TI: I don't see myself going that way. I am still interested in narrative forms of film. Of course, the individual film-maker has that kind of freedom. For myself, there may still be room to explore the narrative format - I don't deny that. What particularly interests me is sound - my talk, and what is recorded and the various recording devices e.g. sync sound. I have experimented most in this areas with video but also film where there is a direct address of myself in film. The film Talking in New York in which I quoted from Jacques Derrida's book on Phenomenology, I just repeat the sentence 'I hear myself at the same time that I speak', although I modify this sentence to 'I speak to myself at the same time that I hear' connecting both sentences using 'that', so completing the cycle. I did it both in Japanese and English and the structure of the languages are different, a fact that I'm interested in. In English the film is synchronised and you can switch over to the Japanese. I also realised that what Derrida said in the book is not the same when you read it. It's not identical the 'I' who hears and the 'I' who speaks in the media. There is a split between them. The word doesn't happen at the same time as I speak, as
I hear myself. So I alienate myself from the reality where I speak. The one who speaks is in the picture and the one who doesn't speak isn't in the picture. So when I show myself in front of the camera you will identify through either the visual or the auditory, and you will have a different
entity - of sound or image. And there is this discrepancy this split.

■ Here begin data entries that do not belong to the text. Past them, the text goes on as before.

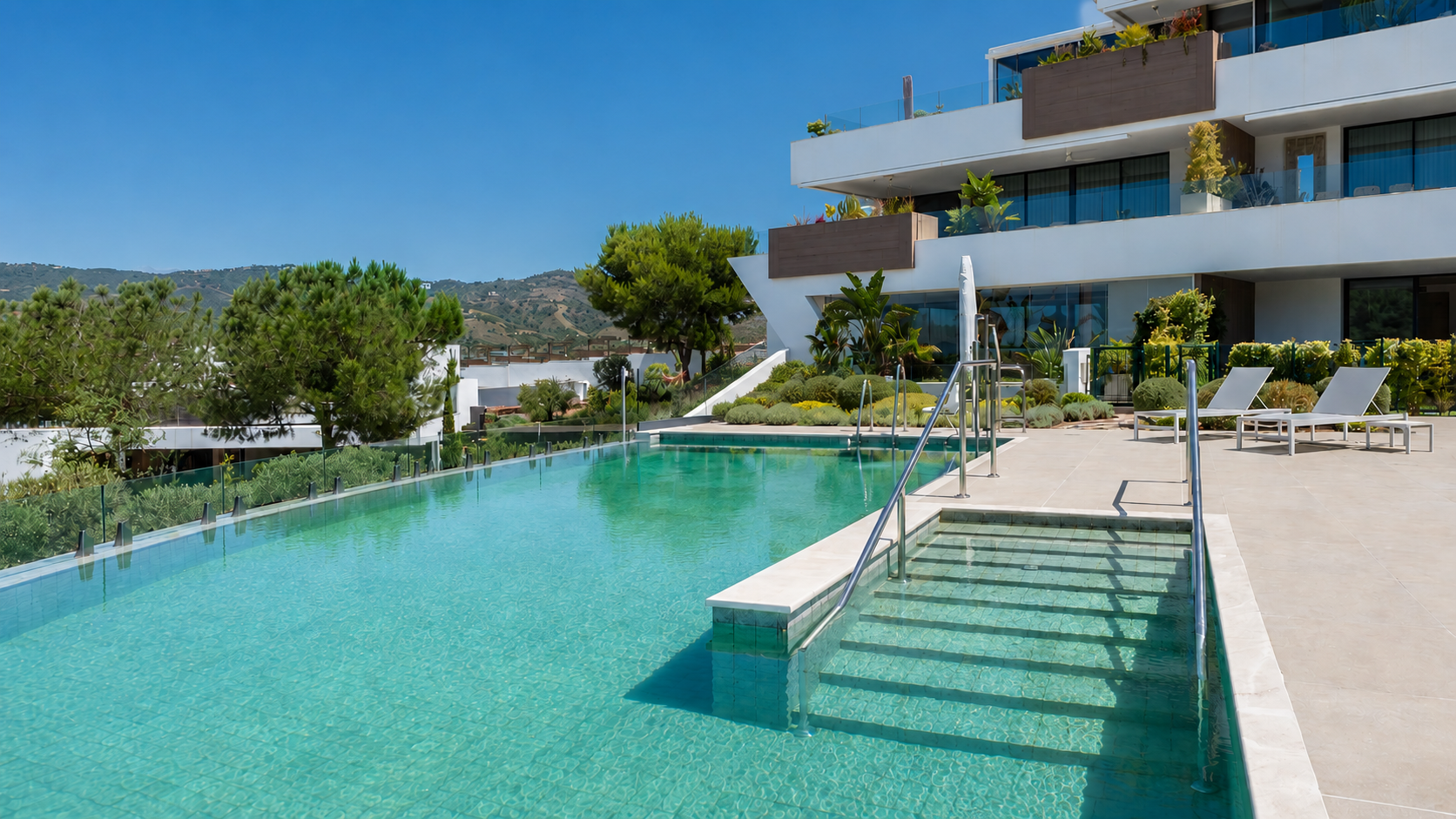 Garden Apartment with Private Garden and Sea Views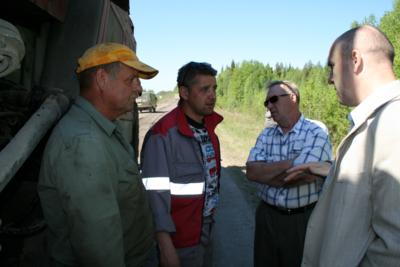 Руководитель Дорожного агентства Коми Эдуард Слабиков проверили работу дорожников Руководитель Дорожного агентства Коми Эдуард Слабиков проверили работу дорожников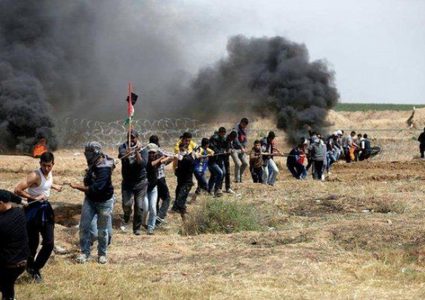 الاحتلال يطلق قنابل الغاز تجاه شبان اقتربوا من السياج الشائك شرق خزاعة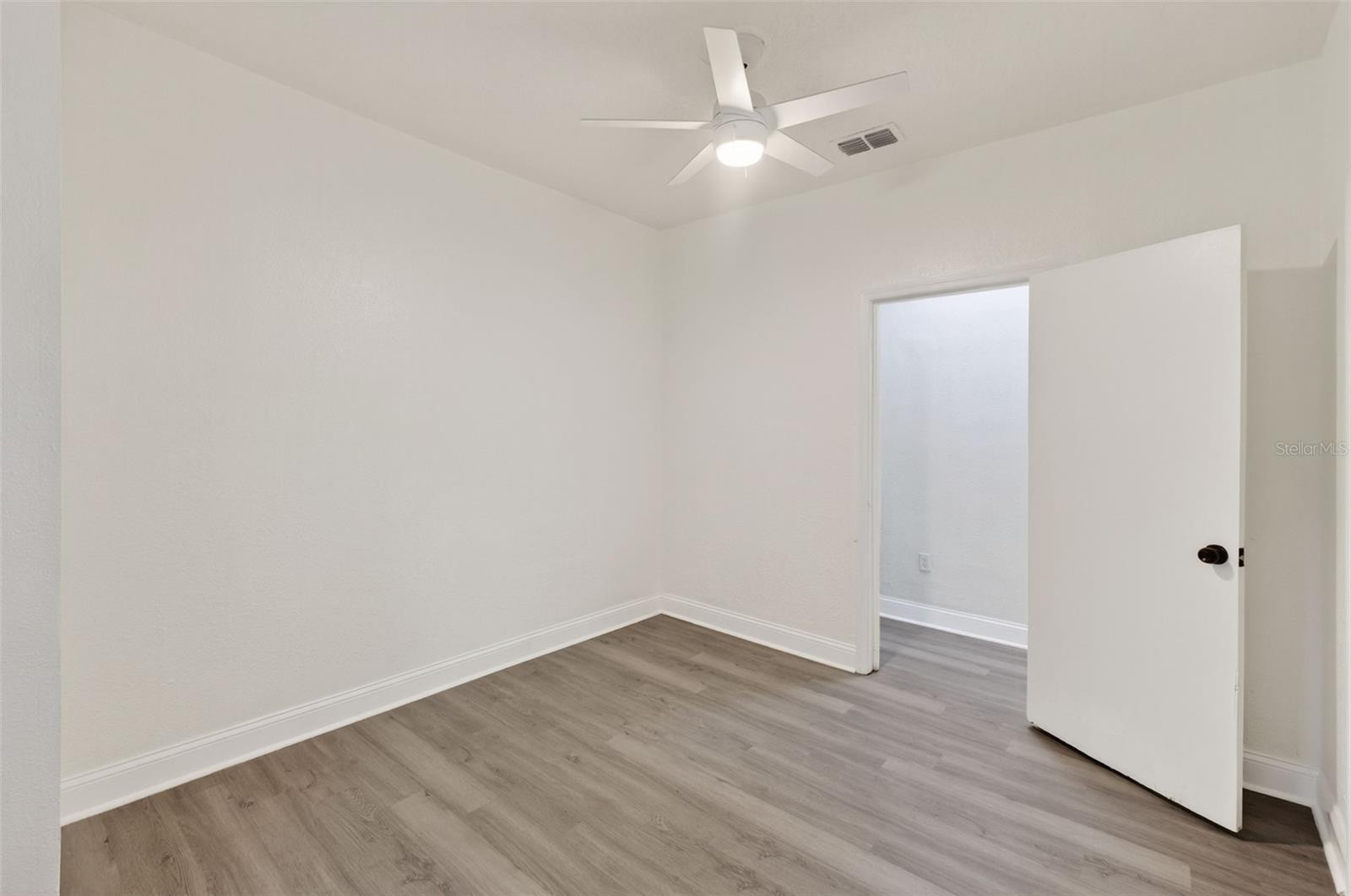 Image 30 of 97 For 96 & 98 Esther Street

AR: That's interesting I would have through you would have seen more of a continuum in terms of film between the image which is materially made up and the sound track which is also materially made up. Although they strike us a very different--we hear a sound track we see a picture its all going on technically within the same strip--the discussion here seems to suggest that you see much more of a break between the levels of speech and the sound that comes from the sound track.

TI: All narrative film is a manipulation of this track. Like Mifune talking in English where you see what he is really saying in Japanese but you see it on TV in English which is a quite different thing.

CM: You use film or video to make a particular kind of statement or make a particular type of analysis and the reactions from the audience, as you were saying were fairly aggressive audience reaction in many cases audiences will leave your performances. Does this particularly concern you and don't you think that perhaps the statements that you do make should be made more palatable and reach a wider audience.

TI: It differs from one place to another so its difficult to generalise but it happens as you say. I try to make a clear statement. I still think a negative reaction is a good sign. It does not necessarily mean that it's a bad film if the audience walk out. It is the audience who realise the film. Like Duchamp said, the realised work is in the audience and that includes myself when I'm making film or when I've finished film or showing film. They are different stages yet the audience is involved in those stages and I try to relate myself to the audiences because it's part of me. So I'm not that egocentric that I don't care about the audience and just do what I want although you never know in advance what the reaction will be. It certainly concerns me how they respond or not, yet I have no control over that so when this woman leaves then it happens. I am not above the audience. In my last piece I did not only show the film, but tried in a way to involve the audience reaction and show myself.